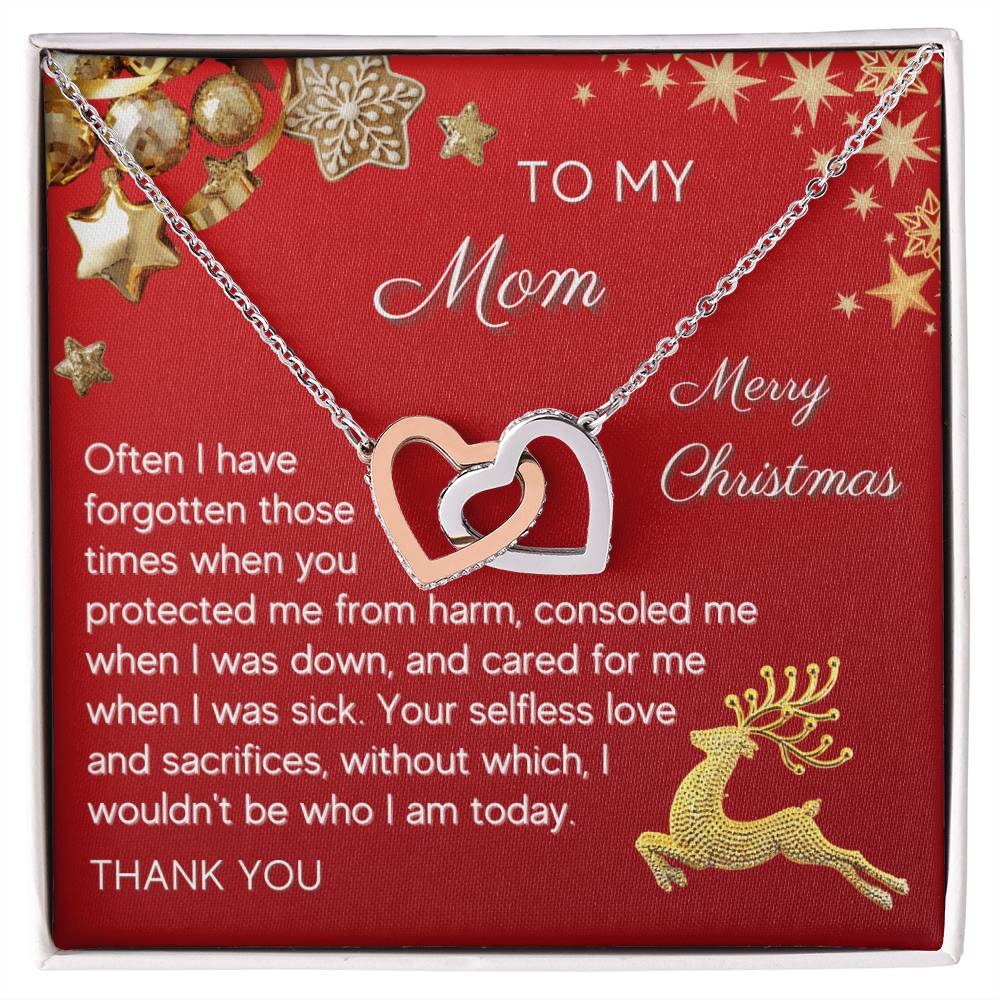 Gift For Mom Interlocking Hearts Necklace - Christmas Red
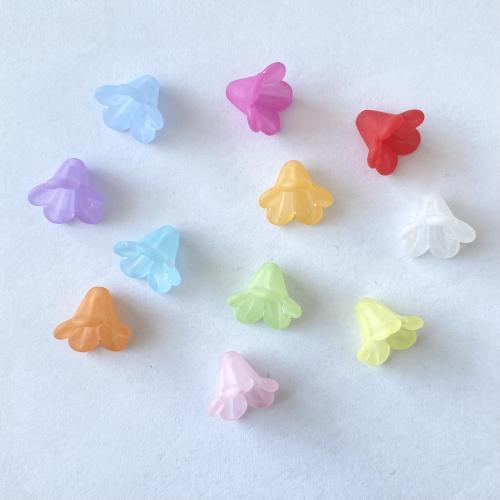 Frosted Acrylic Beads, Flower, injection moulding, DIY, more colors for choice, 14x10mm, Approx 1640PCs/Bag, Sold By Bag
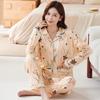 Baumwollimitat Pyjama Damen Frühling und Herbst neu langärmliger Loungewear Anzug Mutter mittleren Alters locker große Größe kann draußen getragen werden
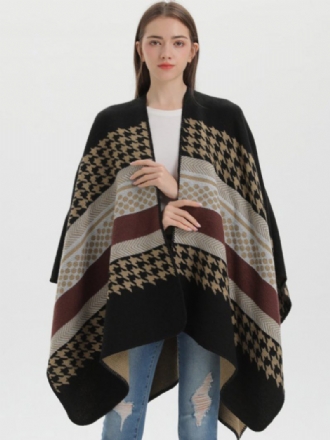 Femmes Cape Plaid Color Block Quotidien Casual Automne Hiver Poncho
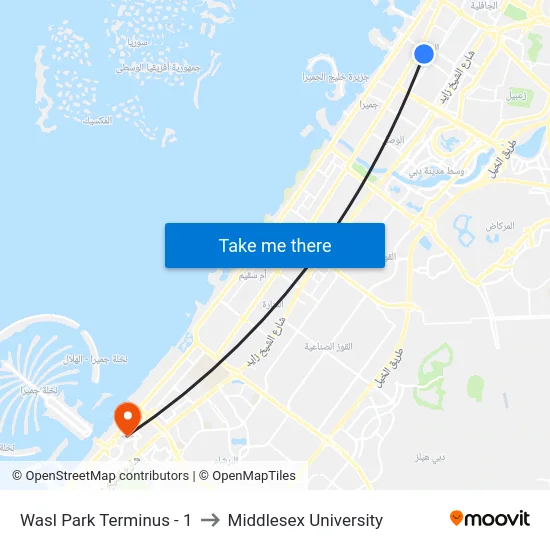 Wasl Park Terminus - 1 to Middlesex University map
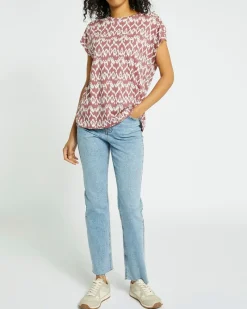 New Dunnes Stores Cotton Modal Relaxed Crew Neck Top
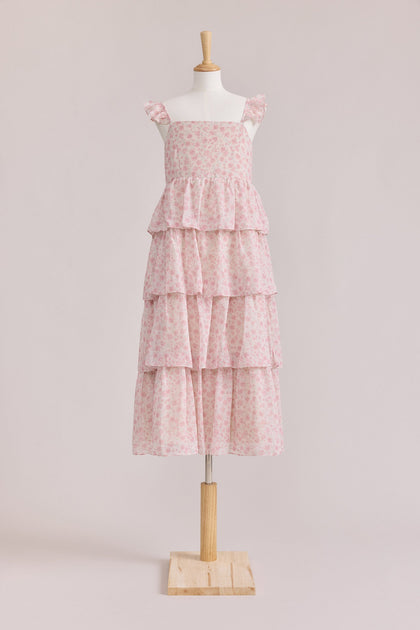 Juniors Poppy Chiffon Floral Print Dress | Made To Order | Blushing Bride Posey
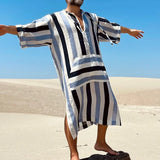 Ceekoo Men Casual Robe Striped V Neck Loose Slit Robe Clothes Vintage Casual Ethnic Style Men's Short Sleeve Shirt Robe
════
● Description of the task: Retype all entries above verbatim; no pictures belong in the copy.

● Output for this task:
 Gift For Mom Interlocking Hearts Necklace - Christmas Red
 Frosted Acrylic Beads, Flower, injection moulding, DIY, more colors for choice, 14x10mm, Approx 1640PCs/Bag, Sold By Bag
 Baumwollimitat Pyjama Damen Frühling und Herbst neu langärmliger Loungewear Anzug Mutter mittleren Alters locker große Größe kann draußen getragen werden
 Femmes Cape Plaid Color Block Quotidien Casual Automne Hiver Poncho
 Wasl Park Terminus - 1 to Middlesex University map
 New Dunnes Stores Cotton Modal Relaxed Crew Neck Top
 Juniors Poppy Chiffon Floral Print Dress | Made To Order | Blushing Bride Posey
 Ceekoo Men Casual Robe Striped V Neck Loose Slit Robe Clothes Vintage Casual Ethnic Style Men's Short Sleeve Shirt Robe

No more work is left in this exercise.